## EXERCISE DETAILS
As the output, give exactly the lines that run from the one with "There's a question" through the end of the records below, and omit pictures.

[Dataset excerpts]
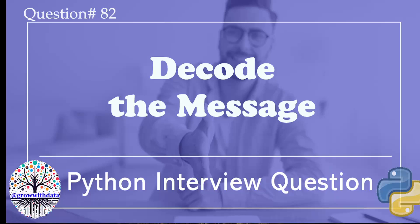In this video, we are going to decode a message. Hello, this is Jagan from GrowthData. I am posting this video to share my knowledge in Python language with you. If this assists you in your interview preparation anyways, I will be happy. I have created a playlist Python interview questions 51 to 100, and I will be tagging this video to that playlist.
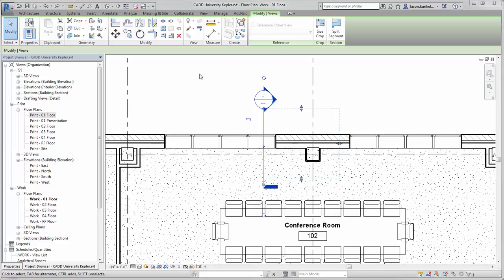When you're in Revit and you've placed a section in a view, the crop region in plan equals the extent of the section view itself.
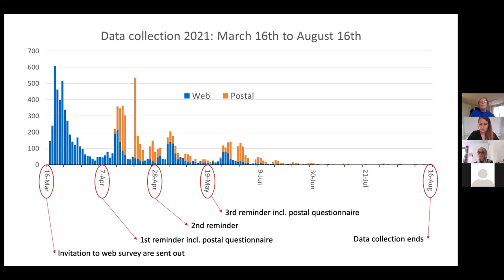There's a question in the chat about whether the recording and slides will be made available. The presentation is being recorded and will be made available soon on the GGP website, just like the other webinars we have held so far.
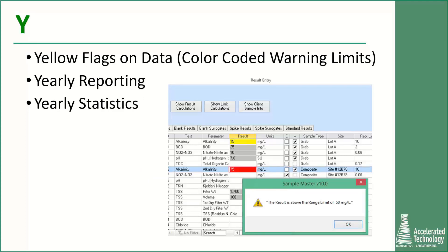Y brings us yellow flags. Yellow flagging of data usually indicates a warning limit has been exceeded; color coding makes data review a snap and you can set up the limits to be flagged when you want them to be. Y is also for yearly reporting — whether it be yearly data, yearly sample volumes, yearly costs, yearly samples invoiced, or some other key yearly statistic.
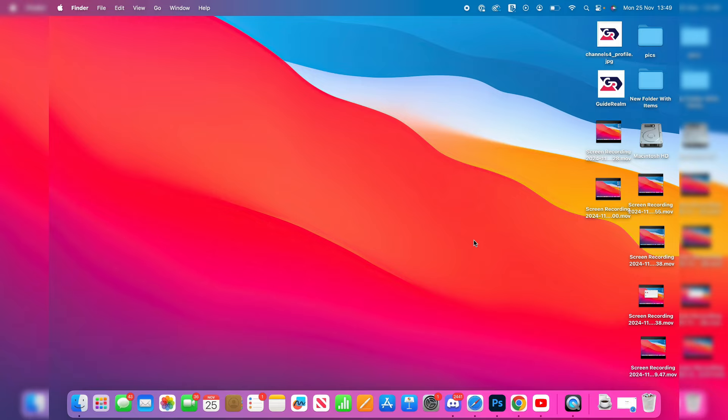Let's get started. What we need to do is go and open up System Settings. Come to the bottom of your computer and click on it there, or you can go to the top right, click on the search icon, and search for it.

## FINISHED EXERCISE
There's a question in the chat about whether the recording and slides will be made available. The presentation is being recorded and will be made available soon on the GGP website, just like the other webinars we have held so far.
Y brings us yellow flags. Yellow flagging of data usually indicates a warning limit has been exceeded; color coding makes data review a snap and you can set up the limits to be flagged when you want them to be. Y is also for yearly reporting — whether it be yearly data, yearly sample volumes, yearly costs, yearly samples invoiced, or some other key yearly statistic.
Let's get started. What we need to do is go and open up System Settings. Come to the bottom of your computer and click on it there, or you can go to the top right, click on the search icon, and search for it.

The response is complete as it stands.